The History of Orkney Literature
- 2010 edition
- Author: Simon W. Hall
- Cover artist: James Hutcheson, Wally Gilbert
- Language: English
- Subject: Scottish Literature
- Genre: Non-fiction
- Publisher: John Donald Publishers
- Publication date: 2010
- Publication place: Scotland
- Media type: Print paperback)
- Pages: 224
- ISBN: 978-1-906566-21-0

= The History of Orkney Literature =

2010 book by Simon W. Hall

The History of Orkney Literature is the first book by Scottish academic Simon W. Hall. The book was first published in May 2010 by Edinburgh-based publisher John Donald, an imprint of Birlinn Limited. It was joint winner of the 2010 Saltire Society First Book Award.

==Summary==
The book is the first examination and exploration of literary works from, or otherwise focused on, the islands of Orkney in Scotland. The published works of key Orcadian poets and novelists such as George Mackay Brown and Edwin Muir are prominently assessed. Hall also evaluates the myriad influences on the development of literature in Orkney, exploring the role of the archipelago's Nordic roots and its historical reliance on fishing, farming and foreign trade.

==Critical reception==
The book received a highly favourable reception from critics.

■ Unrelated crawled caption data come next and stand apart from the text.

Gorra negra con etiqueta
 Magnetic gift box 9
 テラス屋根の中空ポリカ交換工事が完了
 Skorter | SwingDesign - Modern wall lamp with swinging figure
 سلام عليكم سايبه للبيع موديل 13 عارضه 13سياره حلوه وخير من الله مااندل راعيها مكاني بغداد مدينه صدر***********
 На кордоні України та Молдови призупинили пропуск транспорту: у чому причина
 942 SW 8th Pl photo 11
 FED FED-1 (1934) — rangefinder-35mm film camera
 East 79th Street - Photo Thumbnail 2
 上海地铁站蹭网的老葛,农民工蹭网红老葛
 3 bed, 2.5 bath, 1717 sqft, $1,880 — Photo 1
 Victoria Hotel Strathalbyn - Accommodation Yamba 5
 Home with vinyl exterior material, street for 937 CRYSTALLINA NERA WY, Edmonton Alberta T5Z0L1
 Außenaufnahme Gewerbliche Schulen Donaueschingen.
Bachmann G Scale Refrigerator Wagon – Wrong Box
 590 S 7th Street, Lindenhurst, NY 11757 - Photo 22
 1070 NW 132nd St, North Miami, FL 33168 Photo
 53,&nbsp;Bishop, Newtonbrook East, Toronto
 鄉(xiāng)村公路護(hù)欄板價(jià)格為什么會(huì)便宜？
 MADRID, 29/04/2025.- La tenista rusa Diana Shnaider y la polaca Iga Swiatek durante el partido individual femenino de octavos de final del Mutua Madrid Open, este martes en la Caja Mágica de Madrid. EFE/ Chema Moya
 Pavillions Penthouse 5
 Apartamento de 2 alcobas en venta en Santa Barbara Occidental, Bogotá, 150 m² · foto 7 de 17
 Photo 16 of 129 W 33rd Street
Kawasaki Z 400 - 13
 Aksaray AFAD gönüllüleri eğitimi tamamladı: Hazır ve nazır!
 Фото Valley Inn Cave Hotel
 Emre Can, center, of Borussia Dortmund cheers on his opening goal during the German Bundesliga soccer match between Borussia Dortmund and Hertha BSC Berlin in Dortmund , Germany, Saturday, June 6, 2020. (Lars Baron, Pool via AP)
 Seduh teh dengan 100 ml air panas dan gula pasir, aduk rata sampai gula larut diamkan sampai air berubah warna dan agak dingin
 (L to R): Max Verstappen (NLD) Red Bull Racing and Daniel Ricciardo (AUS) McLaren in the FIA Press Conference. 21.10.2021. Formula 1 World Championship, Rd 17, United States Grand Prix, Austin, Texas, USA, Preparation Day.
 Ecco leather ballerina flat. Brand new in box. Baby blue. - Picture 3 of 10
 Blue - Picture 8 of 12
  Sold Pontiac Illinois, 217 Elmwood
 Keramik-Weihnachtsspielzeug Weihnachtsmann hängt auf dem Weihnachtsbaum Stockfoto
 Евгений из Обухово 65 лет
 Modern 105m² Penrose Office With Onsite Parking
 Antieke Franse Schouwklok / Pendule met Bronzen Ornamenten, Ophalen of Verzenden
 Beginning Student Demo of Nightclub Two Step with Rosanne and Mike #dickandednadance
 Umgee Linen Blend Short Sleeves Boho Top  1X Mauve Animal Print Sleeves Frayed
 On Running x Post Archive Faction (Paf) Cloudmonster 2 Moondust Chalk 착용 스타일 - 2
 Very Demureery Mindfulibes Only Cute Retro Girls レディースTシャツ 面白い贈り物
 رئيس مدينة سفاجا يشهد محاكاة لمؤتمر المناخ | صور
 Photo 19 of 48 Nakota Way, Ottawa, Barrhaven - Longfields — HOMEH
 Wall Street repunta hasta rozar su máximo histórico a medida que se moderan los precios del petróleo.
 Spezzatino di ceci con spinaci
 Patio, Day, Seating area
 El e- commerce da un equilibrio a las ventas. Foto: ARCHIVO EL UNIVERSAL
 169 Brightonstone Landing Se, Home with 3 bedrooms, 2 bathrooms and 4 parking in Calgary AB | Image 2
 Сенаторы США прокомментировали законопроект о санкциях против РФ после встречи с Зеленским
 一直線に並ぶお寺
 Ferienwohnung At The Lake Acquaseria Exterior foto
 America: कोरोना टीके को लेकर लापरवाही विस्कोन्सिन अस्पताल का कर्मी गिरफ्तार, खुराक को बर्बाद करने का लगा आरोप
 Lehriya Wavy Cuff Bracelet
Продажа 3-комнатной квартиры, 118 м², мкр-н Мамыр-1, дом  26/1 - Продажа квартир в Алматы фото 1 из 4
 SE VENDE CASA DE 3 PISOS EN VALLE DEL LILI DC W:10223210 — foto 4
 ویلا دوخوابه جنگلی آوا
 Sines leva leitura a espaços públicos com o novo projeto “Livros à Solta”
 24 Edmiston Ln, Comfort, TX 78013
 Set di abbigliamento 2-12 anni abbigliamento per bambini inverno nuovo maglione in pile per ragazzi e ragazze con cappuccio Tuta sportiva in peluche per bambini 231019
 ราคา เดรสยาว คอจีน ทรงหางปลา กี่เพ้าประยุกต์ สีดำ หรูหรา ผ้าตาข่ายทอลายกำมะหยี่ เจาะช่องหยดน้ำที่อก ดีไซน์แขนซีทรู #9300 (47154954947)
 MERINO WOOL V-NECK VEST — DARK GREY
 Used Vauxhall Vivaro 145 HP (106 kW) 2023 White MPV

The Scotsman said: "Hall is assiduous in considering Orkney's literature from its imposing and varied angles", and that the "Orkney literary tapestry" has "a lot to recommend it to the common reader". The International Journal of Scottish Literature praised what it perceived as a "prime example of literary history", noting that it will be seen as "the authoritative guide to a specifically Orcadian mapping of universal humanity".

For Orkney Today, the book is: "A treasure trove of suggestion and inspiration for further reading, study and writing". The book was named joint winner of the Saltire Society First Book Award 2010.